The incidences marked the dramatic fall of Christian Bittar, one of the Deutsche’s most profitable rates traders ever, and rumoured to have contributed over €2bn in audited profits for the bank over the five year period. In the trade circle, Bittar was known as Mr Basis Point because of his preference to make trades on small changes in the short-term interest rates. His bet was mostly on three and six months instruments, that he believed would rise more quickly than one-month rates, something that paid-off at the wake of global financial crisis.
Before the scandal broke out, Bittar was taking home 10 percent of the companies trading profits as bonuses. According to Bloomberg reports, Bittar alone took more than $US120m in bonuses from his profitable bets for the company in 2008. In the due course of investigations by US and UK regulators, Bittar was fired by Deutsche in December 2011 and tried to distance itself from rate-rigging allegations.

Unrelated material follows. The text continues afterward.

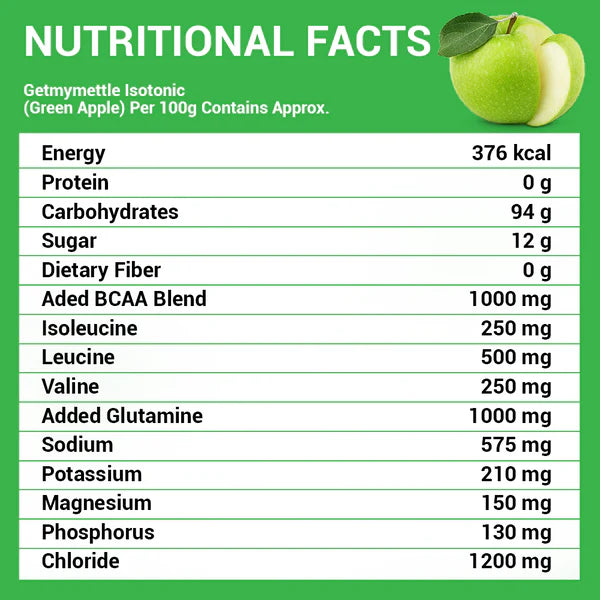 GetmyMettle Isotonic Instant Energy Formula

Expanding its investigations, regulators shifted its investigation process from banks to individual traders. Bittar received a civil penalty in 2014, including ban from the financial industry and penalty of €10 million by FCA. Bittar also lost €50 million of his unvested stock options on his termination from the bank.
Total 30 individuals were charged by SFO on the rate-rigging scandal and Bittar will be the fifth former trader in this six long years of the investigation process, will be prosecuted by SFO. Bittar is currently lodged in jail and his sentencing will be complete after the related trials resume from April 9th.